Syracuse, N.Y. – Recent Le Moyne College graduate
Olivia McEntee (Cazenovia, N.Y./Cazenovia) of the women's lacrosse team has been named the College's nominee for the NCAA Woman of the Year Award, as announced recently by the NCAA.
Established in 1991, the NCAA Woman of the Year award is rooted in Title IX and recognizes graduating female college athletes who have exhausted their NCAA eligibility and distinguished themselves in academics, athletics, service and leadership throughout their collegiate careers.
McEntee, a biology major, is one of nine nominees from the Northeast-10 Conference and is among 107 nominees from Division II. Over the NCAA's three divisions, 535 female student-athletes were nominated for this year's award.
Next, conferences will select up to two nominees each from their pool of member school nominees. All nominees who compete in a sport not sponsored by their school's primary conference, as well as associate conference nominees and independent nominees, will be considered by a selection committee. Then, the Woman of the Year selection committee, made up of representatives from the NCAA membership, will choose 10 women from each division to make up the Top 30.

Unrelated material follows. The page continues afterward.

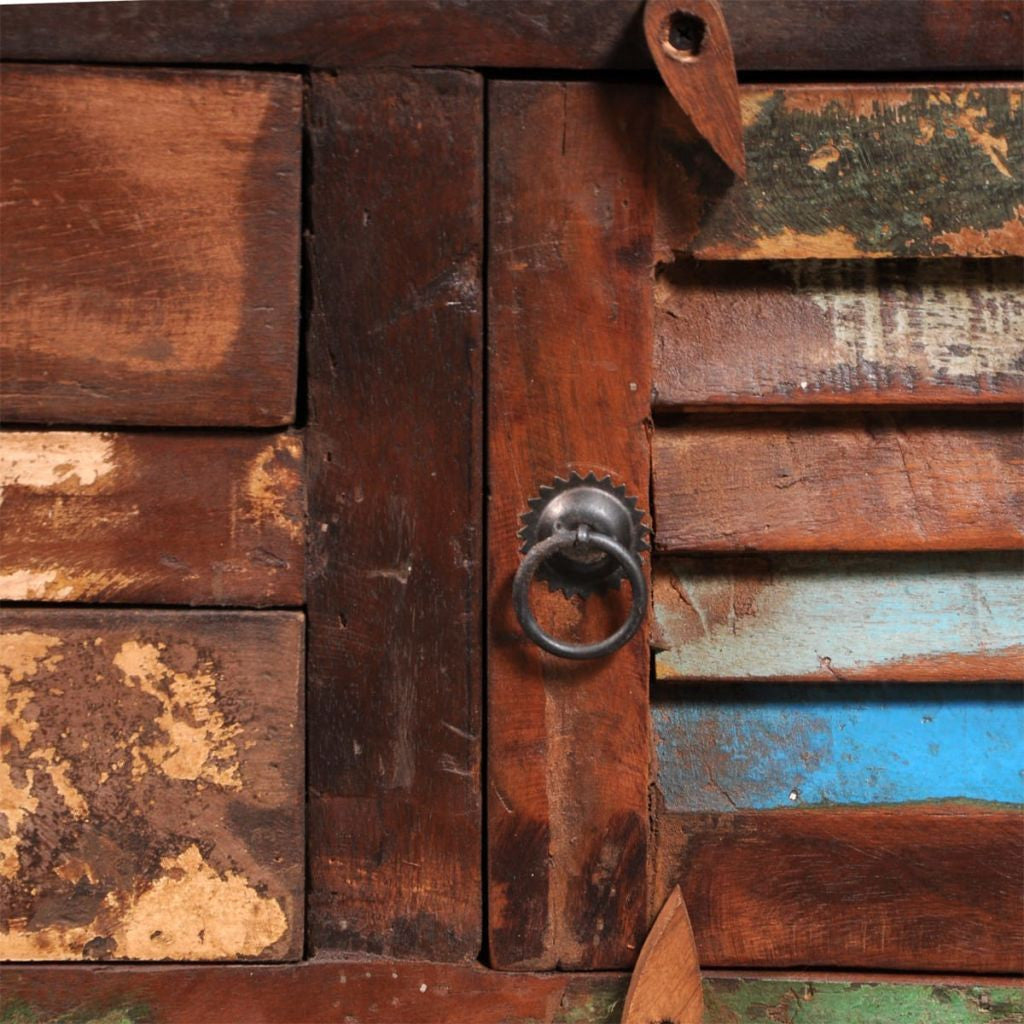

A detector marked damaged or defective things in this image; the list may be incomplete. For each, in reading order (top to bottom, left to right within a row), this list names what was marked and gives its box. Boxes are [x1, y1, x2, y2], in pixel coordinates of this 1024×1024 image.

yellow peeling paint [0, 432, 115, 503]
yellow peeling paint [113, 638, 240, 790]
yellow peeling paint [6, 839, 290, 958]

The selection committee will determine the top three honorees in each division from the Top 30, and the nine finalists will be announced this fall. From those nine finalists, the NCAA Committee on Women's Athletics will choose the 2021 NCAA Woman of the Year later this fall.

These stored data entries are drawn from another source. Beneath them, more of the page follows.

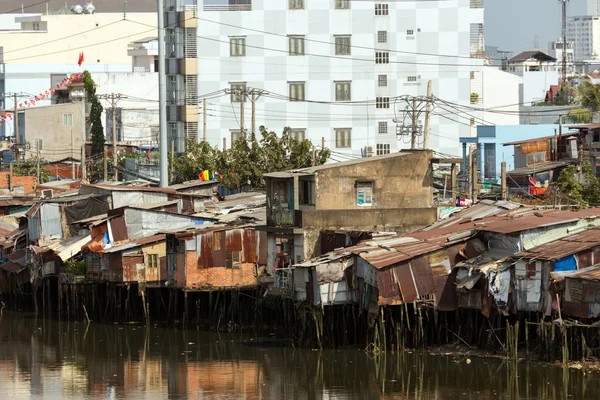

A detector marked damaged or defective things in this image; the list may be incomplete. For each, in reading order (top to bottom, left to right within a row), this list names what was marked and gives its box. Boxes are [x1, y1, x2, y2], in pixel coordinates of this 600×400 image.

rusty corrugated roof [512, 228, 600, 260]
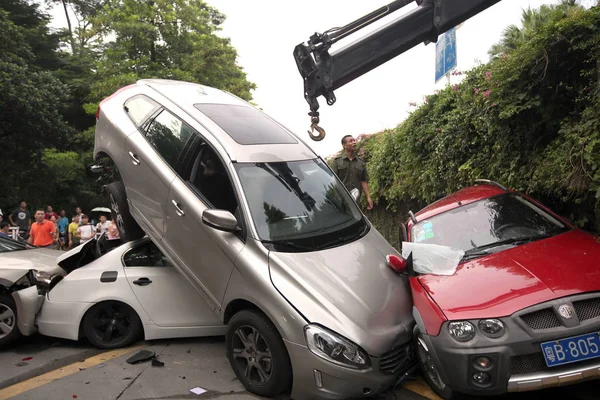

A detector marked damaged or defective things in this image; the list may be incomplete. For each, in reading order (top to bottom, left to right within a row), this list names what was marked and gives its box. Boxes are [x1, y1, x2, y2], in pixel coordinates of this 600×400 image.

damaged front bumper [11, 286, 45, 336]
broken plastic piece [125, 348, 155, 364]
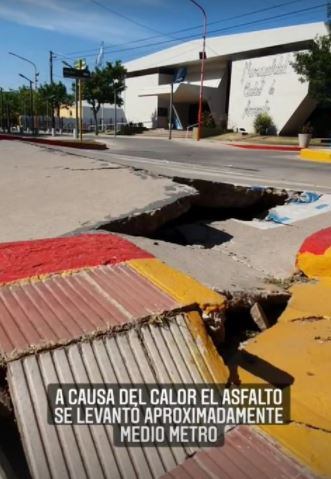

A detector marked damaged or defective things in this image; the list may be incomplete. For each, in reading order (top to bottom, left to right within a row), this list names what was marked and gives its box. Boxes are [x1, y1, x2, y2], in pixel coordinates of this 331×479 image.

rusty corrugated panel [0, 264, 179, 362]
rusty corrugated panel [7, 316, 226, 479]
rusty corrugated panel [162, 428, 318, 479]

McEntee collected her third career IWLCA All-America honor in early June and her second straight First Team accolades. In May, she was selected to the IWLCA East Region First Team and the Northeast-10 Conference All-Conference First Team for the third consecutive year. A starter in 13 of 14 games played this year, she led the Northeast-10 Conference's best defense with 32 ground balls, while adding a career-high 54 draw controls and 19 caused turnovers. She ranked fourth in the NE10 in draw controls and fifth in ground balls. She caused multiple turnovers in six games and picked up multiple ground balls in 10 games, including a career high-tying six against New Haven on May 3, and recorded multiple draw controls in each of the last 12 games, including a career-best nine at Pace on April 24.
For her career, she registered 131 ground balls, 101 caused turnovers and 82 draw controls as a starter in 70 of her 81 games played (tied for the third-most in the program's history). She graduated as one of only three players in the program's history to accumulate over 100 caused turnovers. She is tied for 13th in the program's history in ground balls and tallied the seventh-most since 2000. Her 82 draw controls are the 15th-most in the program's history.
Off the field, she participated in several community service projects. She spent time at the Samaritan Center in Syracuse making and serving meals; helped organize, decorate, recruit walkers and donors and walked in the VA Hospital Sexual Assault Awareness Walk to raise awareness for sexual assault victims; made homemade wigs out of yarn and wrote positive notes for children receiving chemotherapy and battling pediatric cancer for the Magic Yarn Project; and visited and brought toys to children experiencing orthopedic and neuromuscular conditions and/or injuries at the Shriner's Hospital for Children.